Search code examples
c++regex-group

C++ regex capture is dropping last char in email validator


C++ Shell Online Execution Link: http://cpp.sh/5z2uq

I am writing a regex to validate an email ID which can have multiple dots and plus characters in its local name and can only have one dot in the domain name.

The problem I'm facing now is in capture group. My domain name capture, i.e. group #2 is working as expected, as seen in the output.
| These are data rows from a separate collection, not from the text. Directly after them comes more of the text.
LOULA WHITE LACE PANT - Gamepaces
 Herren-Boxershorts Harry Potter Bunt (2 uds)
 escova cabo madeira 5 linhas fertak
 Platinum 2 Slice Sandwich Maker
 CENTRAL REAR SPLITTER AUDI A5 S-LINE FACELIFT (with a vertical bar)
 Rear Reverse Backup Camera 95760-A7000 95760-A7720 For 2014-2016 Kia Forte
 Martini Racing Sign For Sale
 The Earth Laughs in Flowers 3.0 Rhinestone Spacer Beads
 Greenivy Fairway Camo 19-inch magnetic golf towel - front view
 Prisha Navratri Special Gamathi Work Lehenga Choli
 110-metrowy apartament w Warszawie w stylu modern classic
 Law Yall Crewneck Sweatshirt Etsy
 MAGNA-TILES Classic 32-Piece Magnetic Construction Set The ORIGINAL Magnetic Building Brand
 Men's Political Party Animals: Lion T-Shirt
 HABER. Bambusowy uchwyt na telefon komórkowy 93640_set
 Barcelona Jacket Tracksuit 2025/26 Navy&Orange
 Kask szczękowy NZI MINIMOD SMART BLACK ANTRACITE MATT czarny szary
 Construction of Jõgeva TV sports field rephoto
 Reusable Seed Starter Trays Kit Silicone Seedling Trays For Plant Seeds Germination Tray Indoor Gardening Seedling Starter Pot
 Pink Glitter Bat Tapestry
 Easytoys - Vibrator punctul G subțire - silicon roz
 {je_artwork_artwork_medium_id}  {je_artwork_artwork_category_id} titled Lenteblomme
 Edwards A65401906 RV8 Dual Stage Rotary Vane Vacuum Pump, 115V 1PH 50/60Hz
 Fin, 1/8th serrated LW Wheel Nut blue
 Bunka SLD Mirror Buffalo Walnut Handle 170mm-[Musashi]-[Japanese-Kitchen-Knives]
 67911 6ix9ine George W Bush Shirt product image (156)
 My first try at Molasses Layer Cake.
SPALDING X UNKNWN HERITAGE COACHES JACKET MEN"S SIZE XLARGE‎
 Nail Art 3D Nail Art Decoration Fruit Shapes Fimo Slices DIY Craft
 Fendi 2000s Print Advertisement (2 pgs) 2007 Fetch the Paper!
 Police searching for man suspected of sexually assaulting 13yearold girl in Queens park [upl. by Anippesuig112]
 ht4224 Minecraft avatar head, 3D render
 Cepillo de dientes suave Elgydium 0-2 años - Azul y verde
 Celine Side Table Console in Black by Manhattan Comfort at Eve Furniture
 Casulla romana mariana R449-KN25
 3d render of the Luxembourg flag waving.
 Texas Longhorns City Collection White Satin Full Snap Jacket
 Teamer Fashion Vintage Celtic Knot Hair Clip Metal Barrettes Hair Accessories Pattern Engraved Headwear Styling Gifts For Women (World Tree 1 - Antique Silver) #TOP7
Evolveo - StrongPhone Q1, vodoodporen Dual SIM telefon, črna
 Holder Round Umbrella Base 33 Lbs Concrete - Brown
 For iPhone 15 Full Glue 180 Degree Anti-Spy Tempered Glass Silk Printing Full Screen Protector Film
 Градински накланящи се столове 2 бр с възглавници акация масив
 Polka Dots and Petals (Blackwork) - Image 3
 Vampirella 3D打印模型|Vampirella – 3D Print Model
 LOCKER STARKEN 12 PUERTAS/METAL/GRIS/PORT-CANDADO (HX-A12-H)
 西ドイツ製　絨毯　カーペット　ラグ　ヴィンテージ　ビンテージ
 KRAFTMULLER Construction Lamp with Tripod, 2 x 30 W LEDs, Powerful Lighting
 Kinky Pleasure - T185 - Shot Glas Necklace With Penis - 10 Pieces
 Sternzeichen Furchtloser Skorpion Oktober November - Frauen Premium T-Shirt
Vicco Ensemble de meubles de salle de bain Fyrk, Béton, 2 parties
But, when I try to capture local name i.e. group #1,

it is not supposed to capture anything past the '+' sign not including '+', and after capturing local name, output has a missing last character.

Please take a look at my C++ regex code:

#include <iostream>
#include <regex>
using namespace std;
int main()
{
    string str;
    vector<string> emails = {
            "local@domain.com",
            "local.constant@domain.com",
            "local+addon@domain.com",
            "local.constant+addon@domain.com",
            "local@domain.c.o.m"
        };

    for(auto ele : emails)
    {
        str = ele;
        
        regex e("([\\w+\\.]+)\\+*[\\+\\w]+\\@([\\w]+\\.[\\w]+)$");
        smatch parts;
        bool match = regex_match(str,parts,e);
        
        if(match==true)
        {
            cout << "Local  : " << parts.str(1) << endl;
            cout << "Domain : " << parts.str(2) << endl;
            cout << "Valid Email ID: " << ele << endl << endl;
        }
        else
        {
            cout << "Invalid Email ID: " << ele << endl << endl;
        }
    }

    return 0;
}

Output:

Local : loca
Domain : domain.com
Valid Email ID: local@domain.com

Local : local.constan
Domain : domain.com
Valid Email ID: local.constant@domain.com

Local : local+addo
Domain : domain.com
Valid Email ID: local+addon@domain.com

Local : local.constant+addo
Domain : domain.com
Valid Email ID: local.constant+addon@domain.com

Invalid Email ID: local@domain.c.o.m

Notice how, in the local variable, my regex group capture is dropping the last character.

Questions:

  1. How do I group capture till the '+' sign
  2. How do I make the group capture not drop the last character?

Solution

  • You can use this expression:

    "([\\w.]+)(?:\\+[\\w]+)*\\@([\\w]+\\.[\\w]+)$"
    

    The first part ([\\w.]+) matches the Local part (i.e. any word character or dot)
    The second part (?:\\+[\\w]+)* denotes a non-capturing group repeated 0 or more times (matching a plus sign folowed by one or more word characters).
    The third part \\@ matches the @ character.
    The last part ([\\w]+\\.[\\w]+) matches the Domain part (i.e. two words separated with one dot), which you got right.